What you need to do -
Only an exact copy of the entries, stripped of pictures, will serve as the answer.

Exercise data -
★ ★ ★ ★ ★
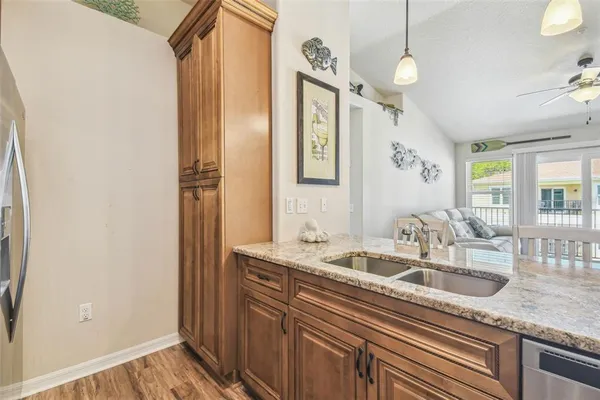 a kitchen with a sink and a refrigerator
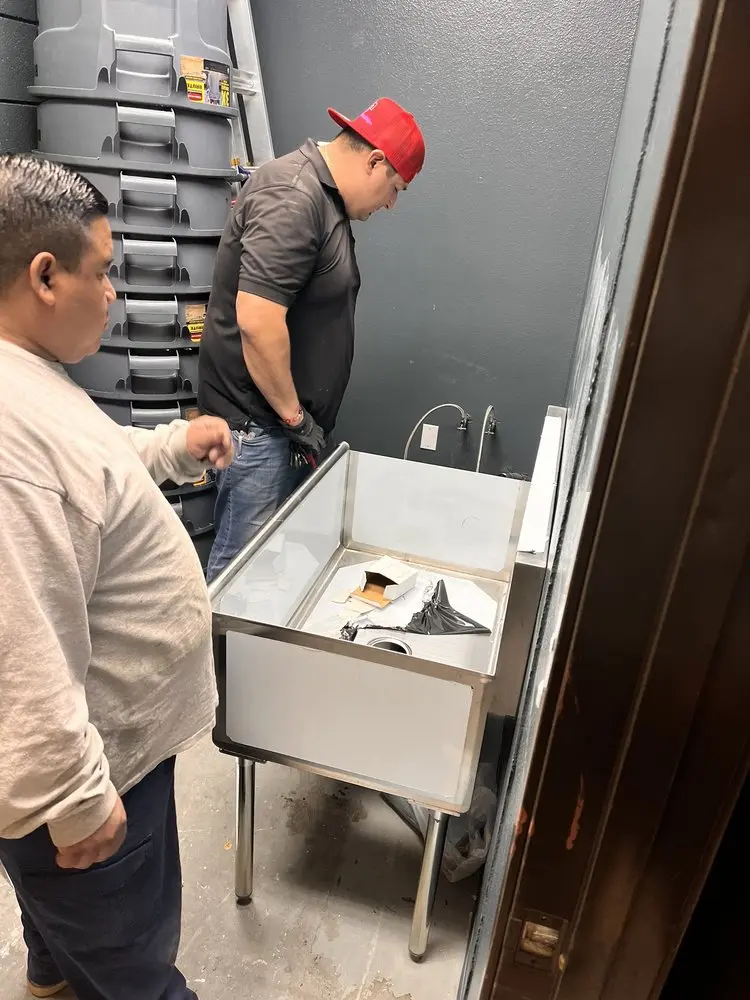 Commercial plumbing and sink installation in Abrams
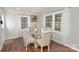 Bright dining area with a glass-top table, four chairs, and natural light at 1201 Edgefield Ave, Gastonia, NC 28052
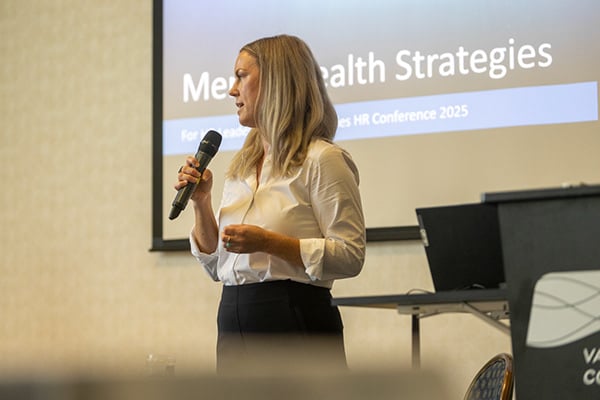 Speaker on stage during a presentation at the Western Cities HR Conference 2025.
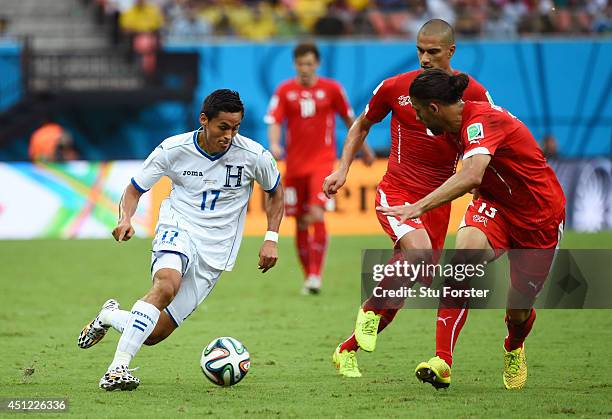 Andy Najar of Honduras controsl the ball as Ricardo Rodriguez of Switzerland gives chase during the 2014 FIFA World Cup Brazil Group E match between...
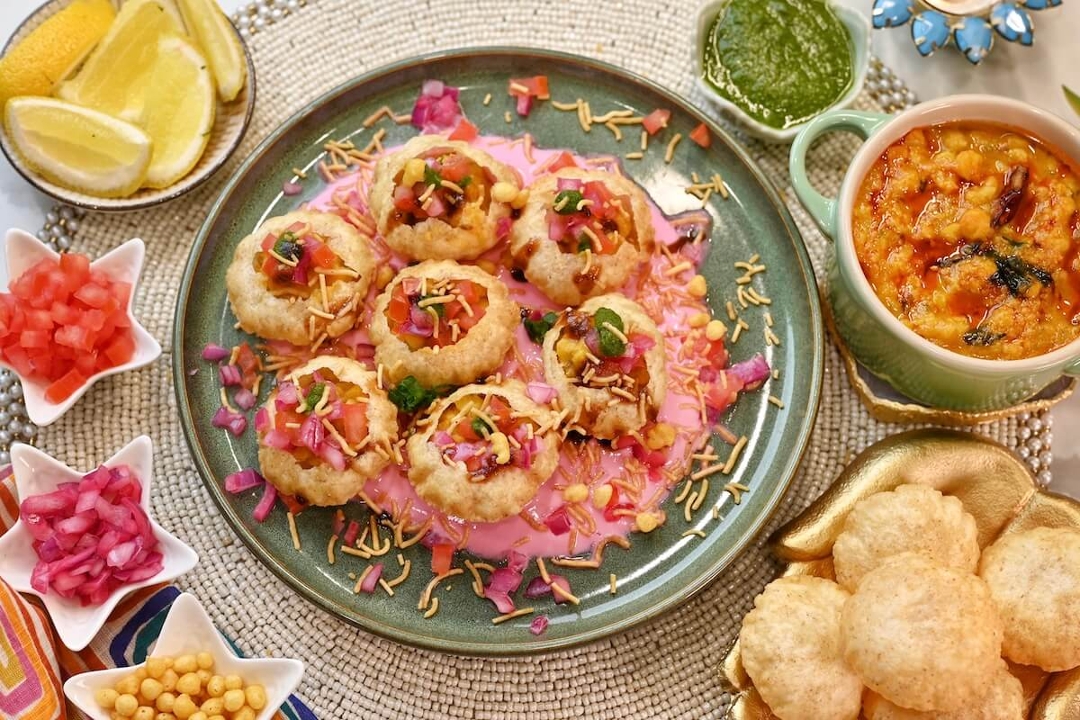 Chaat Medley (Dahi Puri, Aloo Tikki, Bhel Puri).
★ ★ ★ ★ ★
Expected answer -
 a kitchen with a sink and a refrigerator
 Commercial plumbing and sink installation in Abrams
 Bright dining area with a glass-top table, four chairs, and natural light at 1201 Edgefield Ave, Gastonia, NC 28052
 Speaker on stage during a presentation at the Western Cities HR Conference 2025.
 Andy Najar of Honduras controsl the ball as Ricardo Rodriguez of Switzerland gives chase during the 2014 FIFA World Cup Brazil Group E match between...
 Chaat Medley (Dahi Puri, Aloo Tikki, Bhel Puri).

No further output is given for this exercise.